:: Exercise details ::
While reading through the material below, copy each line that holds the word "Benz".

***

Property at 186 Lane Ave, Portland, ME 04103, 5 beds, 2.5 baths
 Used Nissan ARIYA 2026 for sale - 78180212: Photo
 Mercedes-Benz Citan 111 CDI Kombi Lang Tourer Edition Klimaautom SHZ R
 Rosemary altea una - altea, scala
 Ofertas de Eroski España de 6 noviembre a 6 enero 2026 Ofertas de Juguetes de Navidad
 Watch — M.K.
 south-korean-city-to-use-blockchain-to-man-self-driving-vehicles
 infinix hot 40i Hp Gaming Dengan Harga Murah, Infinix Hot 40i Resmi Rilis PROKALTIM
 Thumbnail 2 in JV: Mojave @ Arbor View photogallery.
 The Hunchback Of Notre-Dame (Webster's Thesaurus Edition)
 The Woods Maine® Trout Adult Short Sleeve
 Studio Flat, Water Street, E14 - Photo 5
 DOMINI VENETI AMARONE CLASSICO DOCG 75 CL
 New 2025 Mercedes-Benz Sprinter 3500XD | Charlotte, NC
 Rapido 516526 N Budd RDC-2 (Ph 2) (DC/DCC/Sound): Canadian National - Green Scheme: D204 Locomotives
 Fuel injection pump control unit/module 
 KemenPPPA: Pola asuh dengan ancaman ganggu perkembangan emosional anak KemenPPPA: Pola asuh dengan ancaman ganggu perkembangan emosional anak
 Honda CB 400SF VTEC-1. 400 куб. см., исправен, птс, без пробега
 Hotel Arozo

***

:: Output below ::
 Mercedes-Benz Citan 111 CDI Kombi Lang Tourer Edition Klimaautom SHZ R
 New 2025 Mercedes-Benz Sprinter 3500XD | Charlotte, NC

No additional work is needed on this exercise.